PROBLEM TO WORK ON
Please print every record exactly as it stands, leaving out the pictures.

[Opening MATERIAL FOR THIS TASK section]

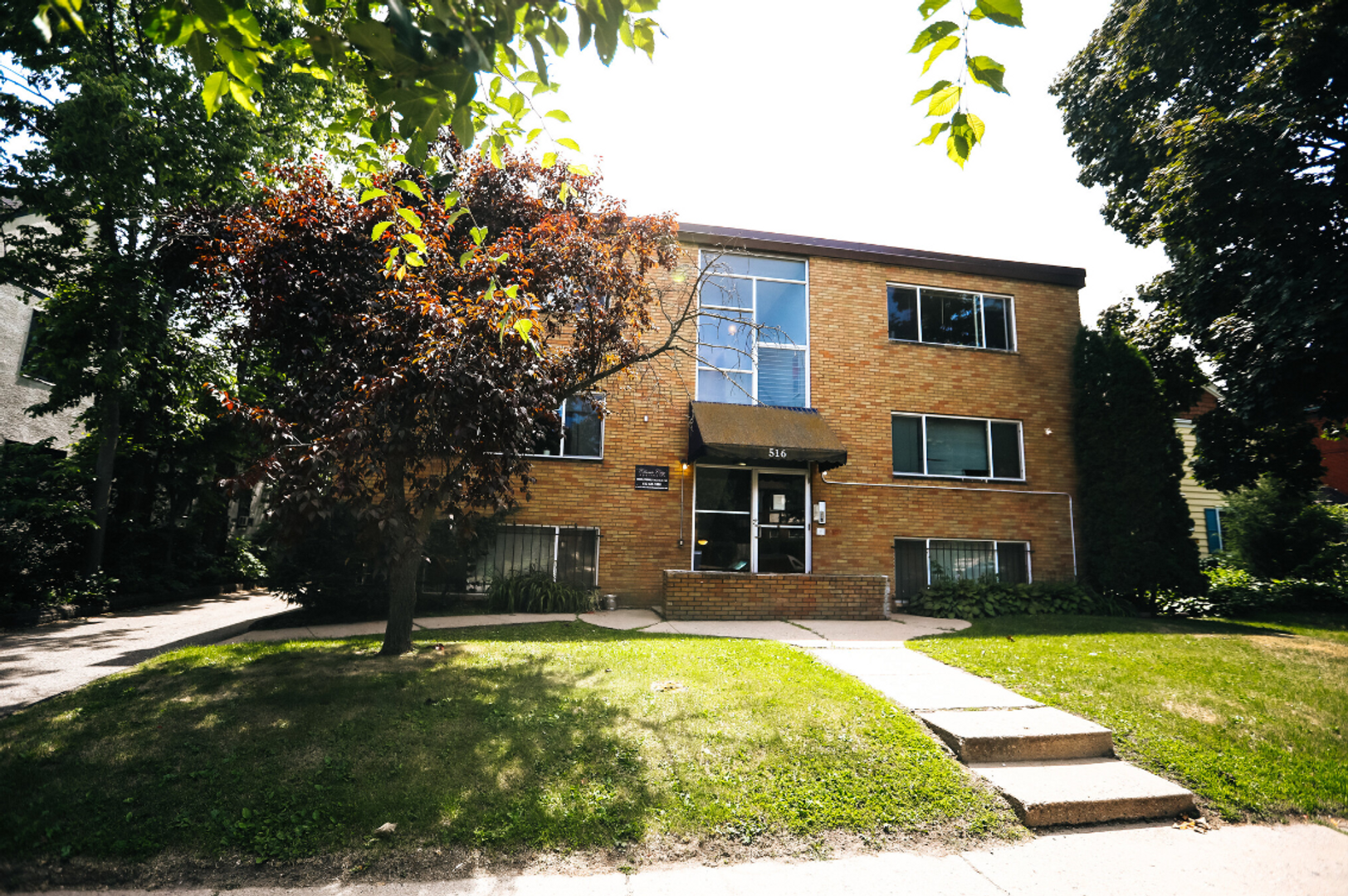 Minneapolis Apartment: 516 5th St SE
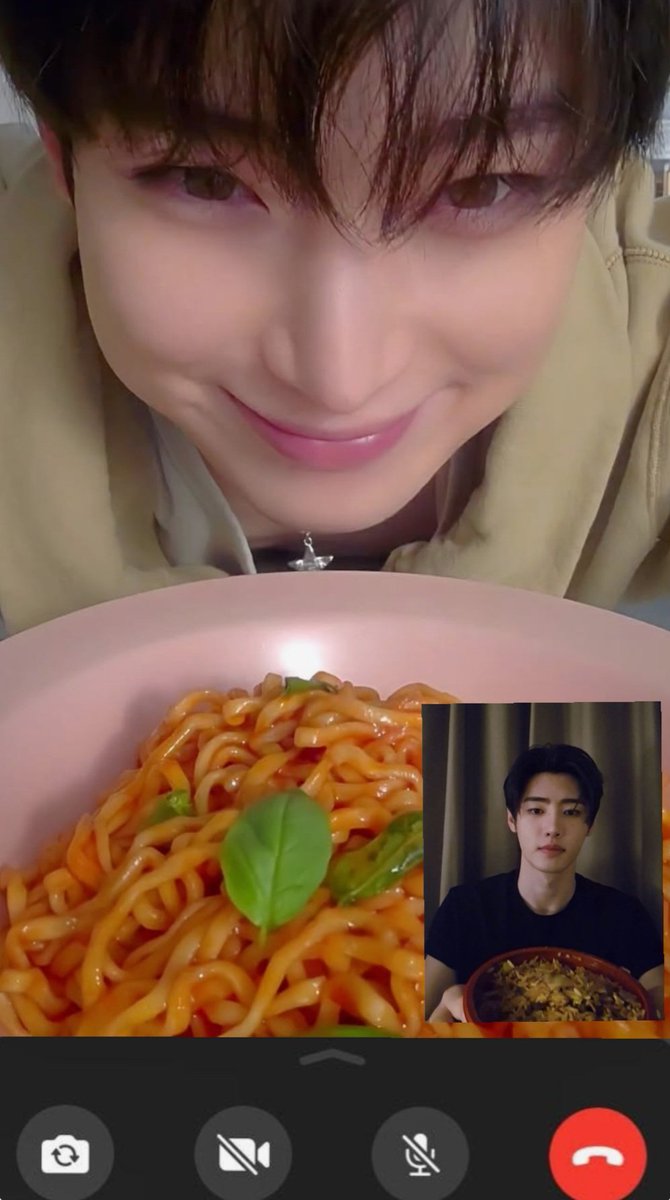 dollnooz's tweet photo. video calling with my boyfriend #sunsun https://t.co/Z1l31iqiZ5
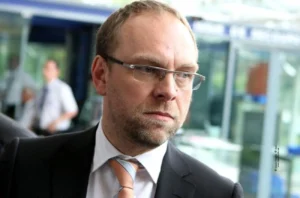 Обшуки без судових ухвал у підозрюваних в держзраді виправдані - нардеп Власенко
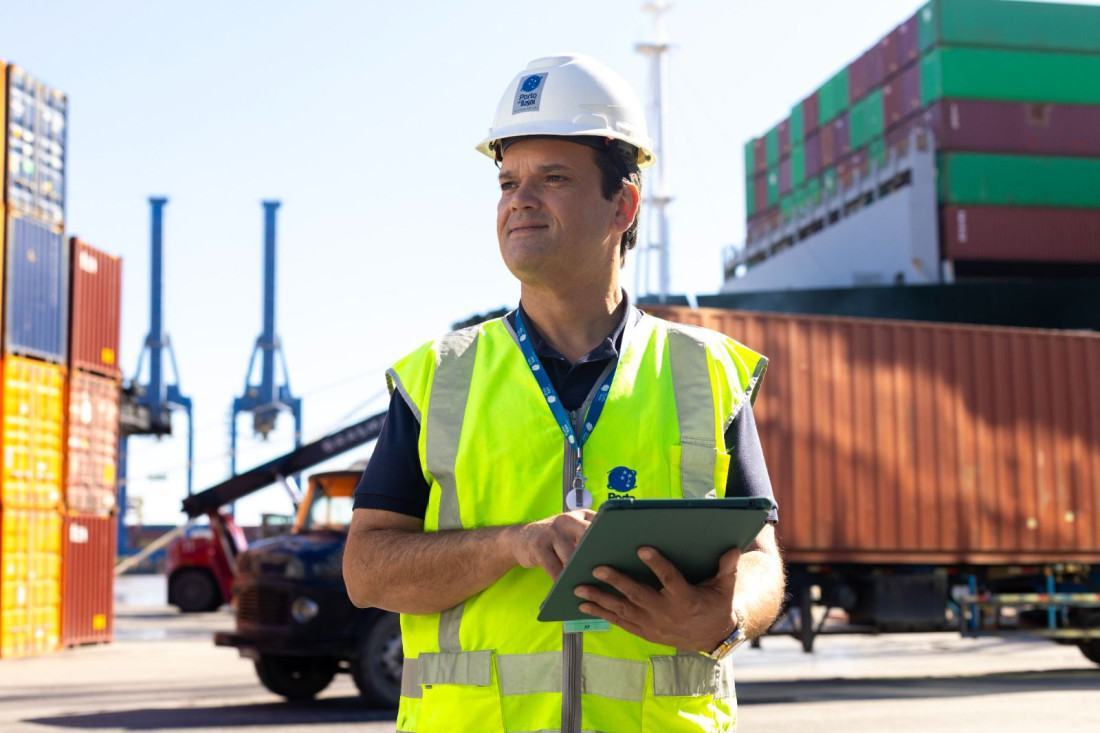 O desempenho é atribuído a fatores como a melhoria da eficiência operacional, a retomada de linhas e a localização estratégica do porto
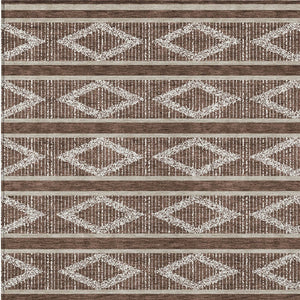 Homeroots 3' Black And Beige Geometric Indoor Outdoor Area Rug - Stylish, Durable, Washable For Any Space 5' X 8' Polyester 599611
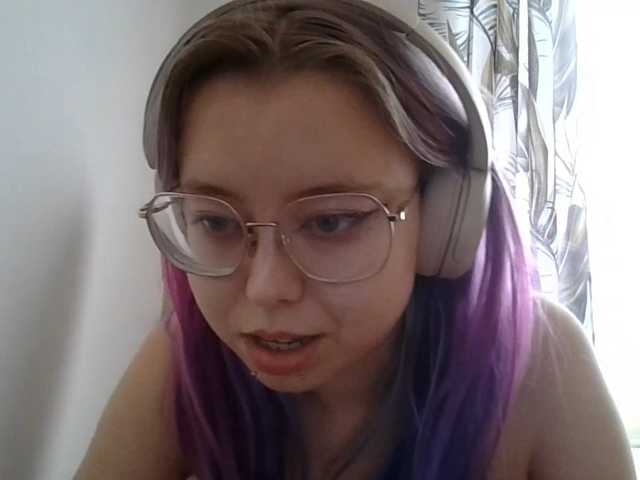 MaddieOrgasm live cam on BongaCams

[Closing MATERIAL FOR THIS TASK section]

EXERCISE OUTPUT
 Minneapolis Apartment: 516 5th St SE
 dollnooz's tweet photo. video calling with my boyfriend #sunsun https://t.co/Z1l31iqiZ5
 Обшуки без судових ухвал у підозрюваних в держзраді виправдані - нардеп Власенко
 O desempenho é atribuído a fatores como a melhoria da eficiência operacional, a retomada de linhas e a localização estratégica do porto
 Homeroots 3' Black And Beige Geometric Indoor Outdoor Area Rug - Stylish, Durable, Washable For Any Space 5' X 8' Polyester 599611
 MaddieOrgasm live cam on BongaCams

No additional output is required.